The essays in this collection seek to explore how the annulment of spatial/temporal distances by globalization and the contraction of the world by the new communication technologies underlying it has affected the cherished myths and memories of the Muslim community, and how various contemporary Islamic thinkers and movements have responded to the challenges of globalization by preserving, reviving, reshaping, or transforming these myths and memories altogether.

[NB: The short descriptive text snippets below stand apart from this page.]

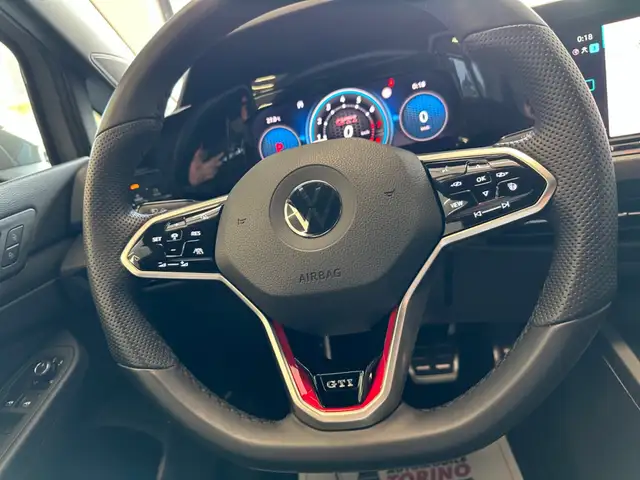 Volkswagen Golf view 16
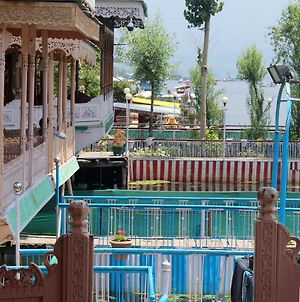 Appollo Eleven Group Of Houseboats Hotel Srinagar  Exterior photo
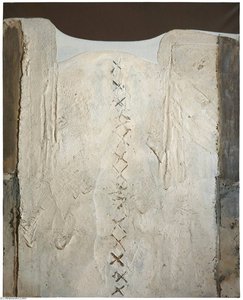 Relieve blanco con cruces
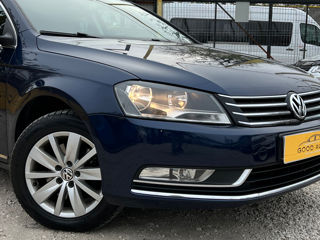 Volkswagen Passat foto 2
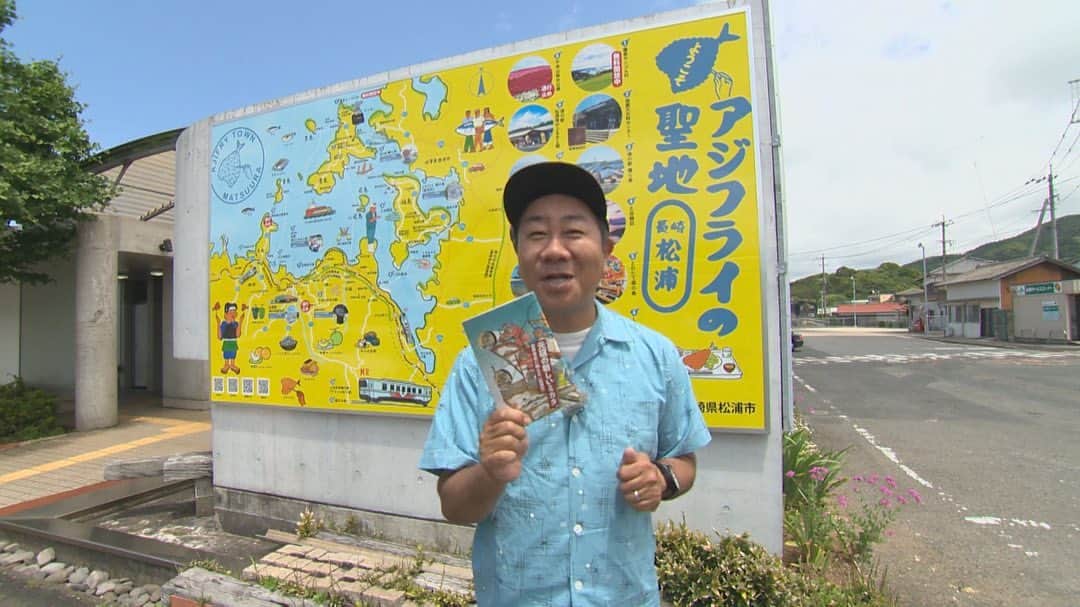 テレビ西日本「ももち浜ストア」さんのインスタグラム写真 - (テレビ西日本「ももち浜ストア」Instagram)「今日は高田課長の週末GO！ 「アジフライの聖地」長崎県松浦市に行ってきました🐟 アジの水揚げ量日本一を誇る松浦市は、アジフライでとても盛り上がっているんですよー😆  最近ではお店によって個性的なアジフライが出てきているそうです。 課長が今回お邪魔したのは #居酒屋おばちゃん家 松浦産の新鮮なアジを丸々1匹捌いてフライにしてあるんですが、個性的なのはタレ！こちらで使っているのはソースやタルタルソースではなく特製のニラ醤油なんです✨地元農家さんから仕入れたニラを砂糖、醤油、みりんに漬けて一晩寝かせているそうですよ！これをアジフライにかけて食べるのが絶品なんです😍アジ自体の旨味が強く、何もつけなくてももちろん美味しいんですが、ニラ醤油がその旨味をさらに引き立ててくれます💯 さっぱりと食べられるのもいいですね🙆‍♀️ アジフライ定食　650円(税込み)  食事以外にもアジフライが大流行！ #福井製菓店 大正12年創業の老舗和洋菓子店にもアジフライに関する人気商品がありました！ #お菓子なアジフライ アジフライ型の焼きドーナツは全部で9種類！ 課長がいただいたのは #抹茶味タルタルソース風　200円(税込み) タルタルソースはホワイトチョコとクランチで表現されていて、それが抹茶のドーナツとよく合います🍩 #レモン味ニラソース風　200円(税込み) なんとニラソース風もあるんです🥰抹茶味クランチとホワイトチョコレートで作られているそうですよ！ 松浦市のお土産にぴったりですね👍  アジフライ以外にも盛り上がりを見せる施設があるとのことでそちらにもお邪魔しましたよ✨  #グランピングビレッジシーグラン  グランピングはもちろん、BBQやカフェ、更にはカヤックやサップといったマリンレジャーまで楽しむことができるんです🎉 課長が入ったお部屋はオーシャンビュー🏝一面に広がる海を見ながら贅沢な時間を過ごすことができます❤️テントサウナもあるんですが、なんとサウナもオーシャンビュー😳 夜はライトアップで幻想的な空間になります👏 夕食は豪華なBBQ🍻国産和牛のサーロインまででてきちゃいます🥩持ち込みもOKです🙆 さらにさらに、サンセットクルージングまで体験できます🚢鷹島肥前大橋を抜けて沖に出ると最高の景色を堪能できます🌆 料金はプランや時期によって変動しますが1泊2食で平均2万円！お子様は1律7000円です！(サウナやクルージングなど別料金有)  課長も大感動の1日でした！皆さんもぜひ参考にしてみてください😃  #ももち浜ストア #高橋巨典　#浜崎日香里 #長崎　#松浦　#長崎旅行 #長崎ドライブ #アジフライ　#松浦ランチ #アジフライの聖地 #居酒屋ランチ #グランピング　#バーベキュー #クルーズ　#オーシャンビュー #サウナ　#サ活」5月26日 19時00分 - momochihamastore8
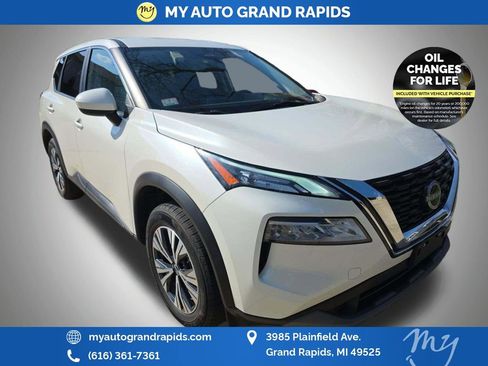Used 2023 Nissan Rogue SV image 1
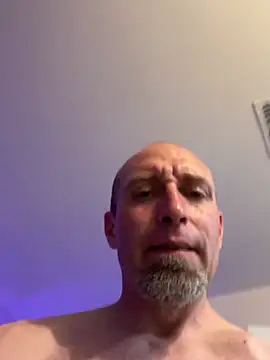 El Gizmo online show from February 23, 2026, 9:43 am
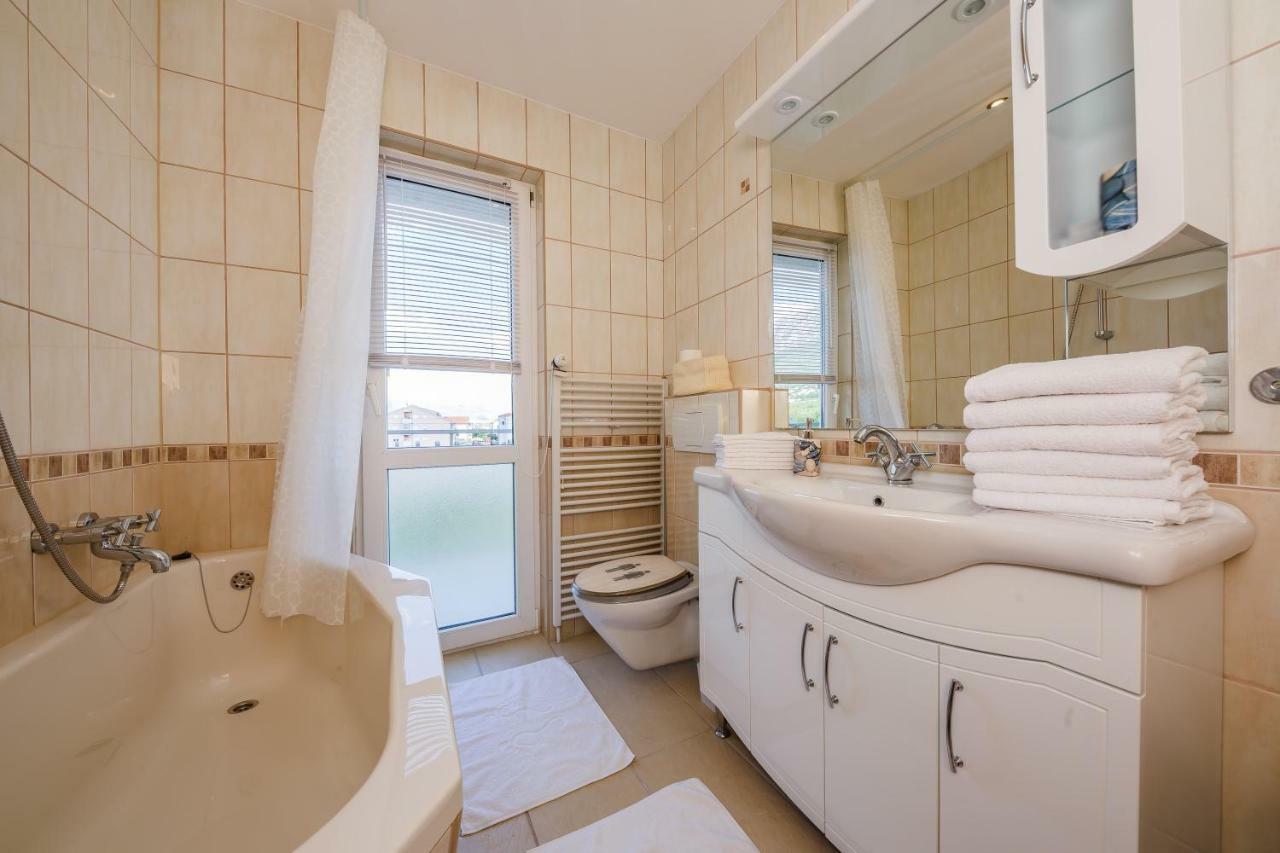 Apartman Lucija Kastela Luaran gambar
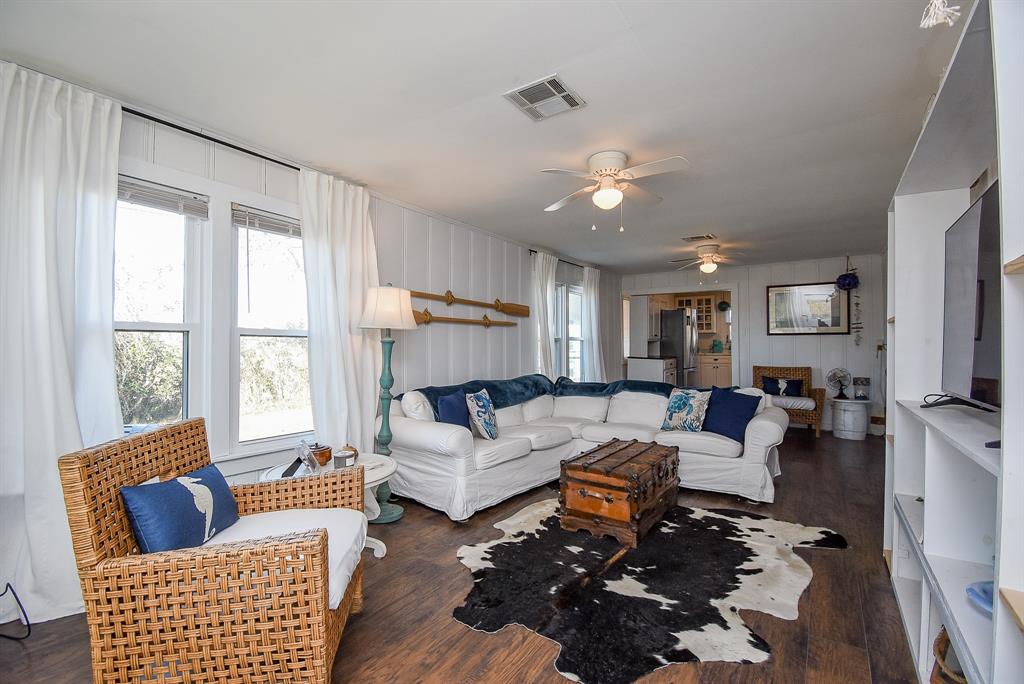 314 E Bayshore Drive, Palacios, Texas image 7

In the present environment of impersonal market forces, ubiquitous media signs, governmental disengagement, mass consumption, and worship of the here and now, myths may seem redundant and collective memory attenuated. Pierre Nora believes that it was under such circumstances that myth came to be regarded as merely false belief, while memory resorted to the aid of unceasing cycles of commemorations.11

We contend that not only are past myths and collective memory very much alive in contemporary localized struggles for identity, but that they are also deployed in the ongoing construction of worldwide networks. For today’s Islamic thinkers and activists—as, indeed, for all myth-makers—myths and memories are not mere nostalgia, but rather important tools in the cultural politics of globalization.

Myth and memory are constantly deployed, at both global and local levels, in evolving public discourses on religion, society, and politics, in the practical ways in which da‘wa (Islamic preaching) is reconstructed as the backbone of community and meaning, and in the modes by which jihad is reformulated in the struggle for the sake of the faith community.

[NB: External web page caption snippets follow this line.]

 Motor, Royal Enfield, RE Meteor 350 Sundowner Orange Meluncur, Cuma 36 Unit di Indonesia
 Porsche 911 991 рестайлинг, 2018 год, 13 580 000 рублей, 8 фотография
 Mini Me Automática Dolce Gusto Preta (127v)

The concept of myth usually refers to stories of epic character about gods or (super)human heroes. Such stories are known from the dawn of history, and in modern times their study has been pursued particularly by social anthropologists and students of comparative religion. Most myths deal with the past—creation myths, of the universe or of the ethnie—but some may turn to the future, as with apocalyptic myths.

Many of them are also connected to specific places—the center of the world, the place of origin, the site of the end of days.12 As Emmanuel Sivan notes in his discussion of Arab political myths, their function beyond the recreational aspect is twofold: to provide an explanation for current realities, and to mobilize for action. The first involves locating the present in the historical continuum, the second legitimizes or delegitimizes the existing order.13

Islam has its share of myths of origins and hero myths, epic stories about the time, places, and people with whom the deity was present. These of course center on Muhammad, the seal of the prophets (khatam al-nabiyiin) and the model (al-uswa al-hasana) for all Muslims throughout the ages, and on Mecca and Medina, the sites of his call. Other prophets, righteous men and fighters for the cause of Islam, second him in various localized levels.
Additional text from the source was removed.